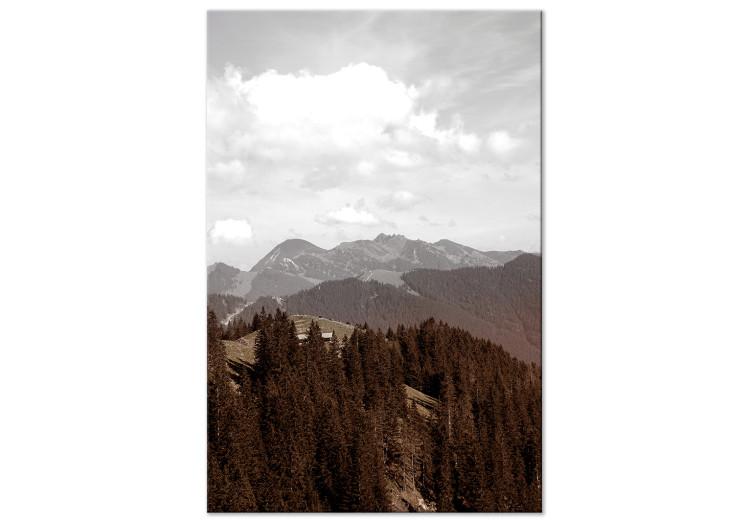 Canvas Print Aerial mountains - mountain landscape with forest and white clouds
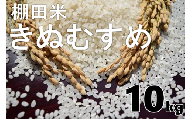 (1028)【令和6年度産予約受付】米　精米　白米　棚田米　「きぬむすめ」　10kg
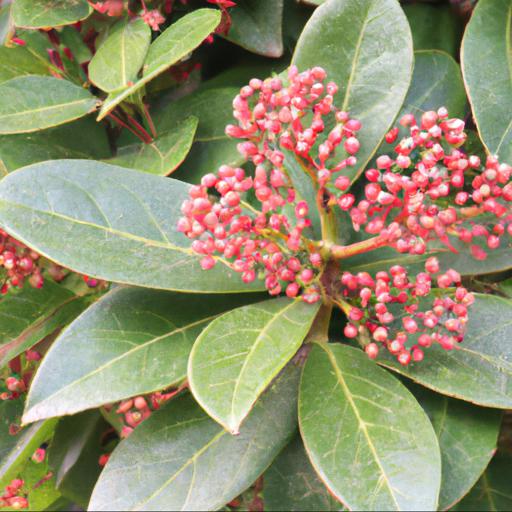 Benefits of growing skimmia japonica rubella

WORK REQUIRED: The lines from the one containing "(1028)【令和6年度産予" through the final line of the data are to be repeated exactly, with both ends included and all pictures left out.

RESPONSE FOR THIS EXERCISE:
 (1028)【令和6年度産予約受付】米　精米　白米　棚田米　「きぬむすめ」　10kg
 Benefits of growing skimmia japonica rubella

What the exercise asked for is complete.